It’s not the first we’ve heard from Brandon Boykin post-Eagles, but he sat down with his thoughts and put them into more measured responses in writing over at the Player’s Tribune. There’s more to this than “[he] doesn’t understand grown men of our culture.”
Boykin starts by talking about how found out he was traded:
I was playing well year after year and not getting rewarded with more playing time, which was frustrating, but at the end of the day, Chip Kelly likes long-bodied corners, and I’m 5-foot-10. I can do everything I can on the field and my impact and my numbers could be great, but I can’t change my height. That’s what was holding me back in that system. So in the back of my mind, I kind of saw it coming.
I went upstairs and saw Chip. We went into his office and he closed the door.

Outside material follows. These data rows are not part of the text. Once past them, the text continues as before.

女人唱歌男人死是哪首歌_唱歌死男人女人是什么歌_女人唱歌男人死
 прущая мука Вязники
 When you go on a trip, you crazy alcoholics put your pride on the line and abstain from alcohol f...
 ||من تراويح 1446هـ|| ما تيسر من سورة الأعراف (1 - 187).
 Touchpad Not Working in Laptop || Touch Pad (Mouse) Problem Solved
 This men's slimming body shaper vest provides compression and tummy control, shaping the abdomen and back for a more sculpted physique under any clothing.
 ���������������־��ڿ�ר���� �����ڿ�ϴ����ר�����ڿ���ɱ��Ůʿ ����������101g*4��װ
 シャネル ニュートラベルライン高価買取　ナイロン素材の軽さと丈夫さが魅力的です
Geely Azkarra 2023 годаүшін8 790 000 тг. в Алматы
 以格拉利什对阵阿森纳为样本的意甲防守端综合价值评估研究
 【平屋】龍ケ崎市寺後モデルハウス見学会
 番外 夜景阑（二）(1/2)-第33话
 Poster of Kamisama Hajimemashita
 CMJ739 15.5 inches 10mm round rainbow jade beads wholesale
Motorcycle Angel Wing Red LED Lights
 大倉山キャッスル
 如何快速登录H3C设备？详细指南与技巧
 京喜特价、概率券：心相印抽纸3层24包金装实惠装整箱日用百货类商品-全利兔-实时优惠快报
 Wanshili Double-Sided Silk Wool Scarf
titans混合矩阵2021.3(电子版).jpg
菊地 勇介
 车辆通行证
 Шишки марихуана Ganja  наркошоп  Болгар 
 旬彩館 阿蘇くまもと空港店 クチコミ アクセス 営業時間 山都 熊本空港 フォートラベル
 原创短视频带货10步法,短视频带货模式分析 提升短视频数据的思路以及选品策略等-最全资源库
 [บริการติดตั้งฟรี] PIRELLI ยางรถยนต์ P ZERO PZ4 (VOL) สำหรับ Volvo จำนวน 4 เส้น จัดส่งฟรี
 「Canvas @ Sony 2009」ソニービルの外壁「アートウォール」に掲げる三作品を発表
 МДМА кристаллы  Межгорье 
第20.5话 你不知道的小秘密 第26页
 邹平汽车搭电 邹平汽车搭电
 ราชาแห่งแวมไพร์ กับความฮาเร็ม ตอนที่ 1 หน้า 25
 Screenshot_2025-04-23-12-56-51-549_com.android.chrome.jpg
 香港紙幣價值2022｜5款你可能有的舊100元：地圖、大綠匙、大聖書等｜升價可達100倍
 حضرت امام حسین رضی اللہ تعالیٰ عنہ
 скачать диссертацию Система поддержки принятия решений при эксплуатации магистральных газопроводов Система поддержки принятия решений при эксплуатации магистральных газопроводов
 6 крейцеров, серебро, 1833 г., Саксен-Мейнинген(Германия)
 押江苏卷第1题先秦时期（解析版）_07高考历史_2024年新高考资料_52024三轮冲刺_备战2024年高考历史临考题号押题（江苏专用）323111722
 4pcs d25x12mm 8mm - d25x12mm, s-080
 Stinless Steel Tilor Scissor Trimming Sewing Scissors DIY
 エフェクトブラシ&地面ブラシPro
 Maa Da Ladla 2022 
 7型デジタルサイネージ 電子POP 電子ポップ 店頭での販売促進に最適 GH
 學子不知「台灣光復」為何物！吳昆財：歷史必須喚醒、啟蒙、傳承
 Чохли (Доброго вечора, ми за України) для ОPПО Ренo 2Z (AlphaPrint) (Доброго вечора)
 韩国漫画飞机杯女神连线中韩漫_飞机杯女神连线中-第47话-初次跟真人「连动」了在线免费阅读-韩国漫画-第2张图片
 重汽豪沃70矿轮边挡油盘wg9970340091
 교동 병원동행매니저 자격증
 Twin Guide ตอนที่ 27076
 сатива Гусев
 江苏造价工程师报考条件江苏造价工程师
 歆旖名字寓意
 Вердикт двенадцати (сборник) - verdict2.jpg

“What did you trade me for?” I said. It was less of a “why” question and more about what they got in return, but I guess I wanted to know both.
He said the Steelers had been trying to get me for a while, but he kept turning down their trade offers. That day, as I was taking the field for conditioning tests, the Steelers called again, this time, offering a conditional fifth-round pick for me, and he couldn’t pass it up. He told me he thought it was a great opportunity for me. I wanted a bigger role, and I’d have that chance in Pittsburgh.
There was a lot I wanted to say, but I didn’t say it. It’s nothing personal against Chip, it’s just that it hurts when anybody tells you they don’t want you.
“Alright,” I said before a long pause. “… Cool.”
He spends a majority of the second half of the piece talking about his new team, the “Steeler way,” and his future. But he does stop to clarify, again, those things he said about Chip:
“You may have heard about the comments I made on my way out of Philly — comments that got taken a bit out of context. I have no ill will towards Chip, and definitely none towards the Eagles. Chip’s job is to build the best football team he can build — a team with players that fit his system and his vision to be competitive on the field — and I wasn’t a part of that vision. There’s not much more to it than that. That’s the NFL.”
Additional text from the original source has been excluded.